The censoring of these independent investigations (the NLG reports were the most extensive and graphic among several others, such as the Quixote Center, EPICA, and IA Center reports) is particularly revealing now that certain internal World Bank documents have been leaked. These reports corroborate the high body counts estimated by independent human rights organizations such as the NLG’s. One such report, Semi-Annual Monitoring Report on Conflict-Affected Countries dated May 17, 2004, covering the period of September 2003-March 2004, states the cold facts inside the scripted narrative:

“Growing civil unrest followed by an armed rebellion…in February 2004 culminated with President Aristide resigning and fleeing the country. The social and economic impact of the upheaval over the past several months is still being assessed. Preliminary figures indicate that some 1,000 lives were directly and indirectly claimed by the violence.”

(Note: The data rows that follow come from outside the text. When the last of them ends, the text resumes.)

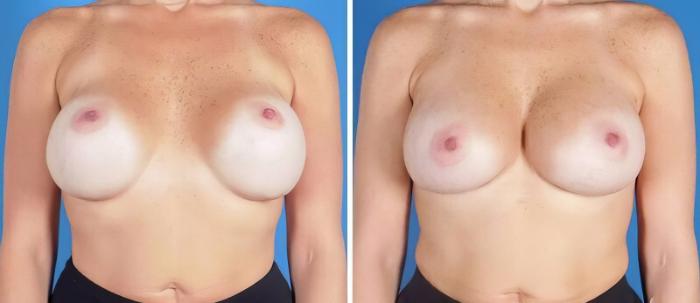 Before & After Breast Implant Revision Case 25175 View #1 View in Alpharetta, GA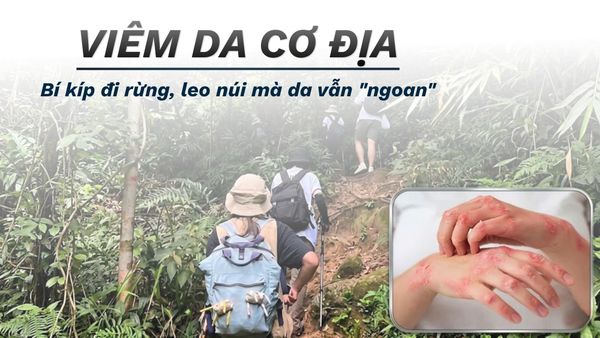CHÀM VIÊM DA CƠ ĐỊA: LÀM SAO ĐỂ ĐI RỪNG, LEO NÚI, TREKKING TRAIL MÀ DA VẪN 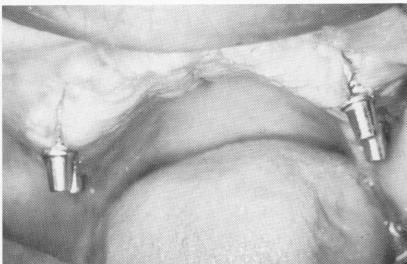 2 Palateless upper denture with anterior acrylic flange fabricated 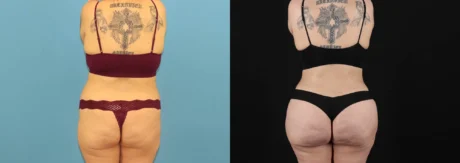 Brazilian Butt Lift case #5119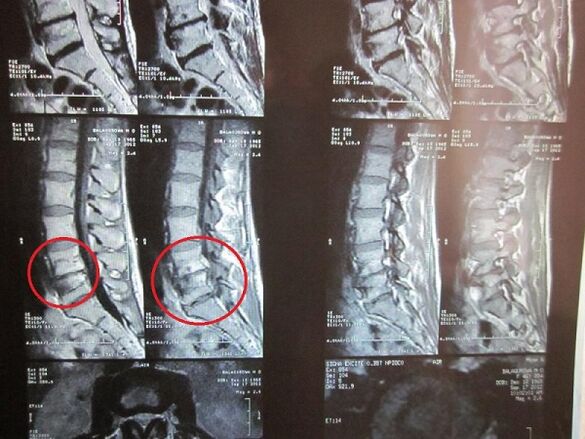 Жатыр мойны остеохондрозының диагностикасы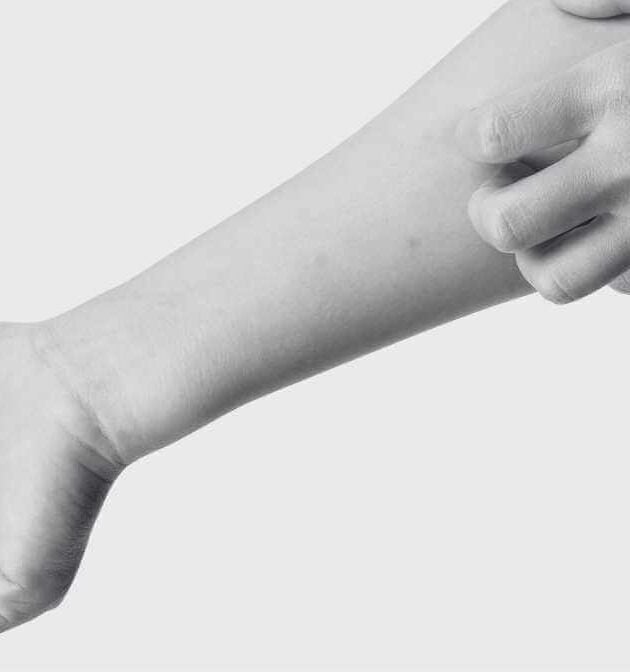 Bed Bug Bites vs Mosquito Bites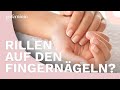 Rillen in den Fingernägeln: Was haben sie zu bedeuten und was kann man dagegen tun?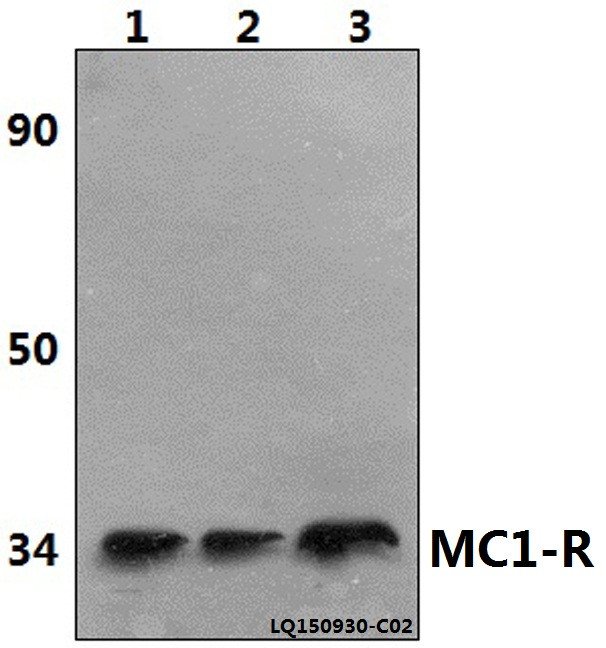 MC1R Antibody in Western Blot (WB)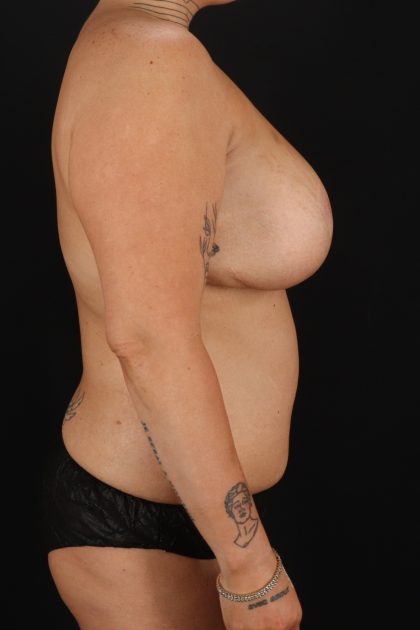 All Me Augmentation Before & After Patient #1906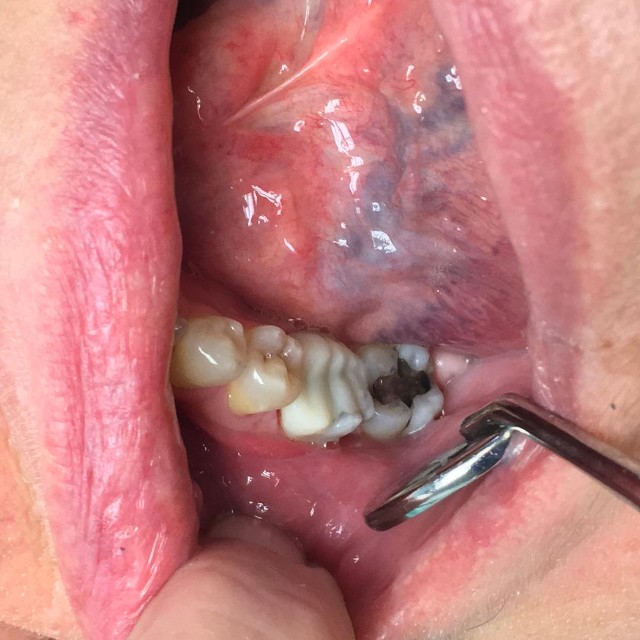 filling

A later report, dated July 2, 2004, in preparation for a meeting of the World Bank’s board on July 8th, “Haiti Briefing Note,” indicates a deepened crisis and acknowledges that things have deteriorated since Aristide was ousted: “The political conflict and armed uprising in early 2004 worsened Haiti’s already difficult social and economic situation. Thousands of lives were lost and large segments of the population were affected by lawlessness and violence.”

Aid and debt

On the basis of this analysis, the donors’ conference that the World Bank was providing these briefings for yielded a lengthy document which details the “reconstruction” of Haiti, and gathered pledges of over $1 billion from many Western countries; primarily Canada, the U.S. and the EU. In December, Canada, who are overseeing the facilitation of the resulting “Haiti Interim Cooperation Framework,” gave the puppet regime $43 million dollars so that they could pay off an existing World Bank debt, in order to incur a new one totaling some $70 million.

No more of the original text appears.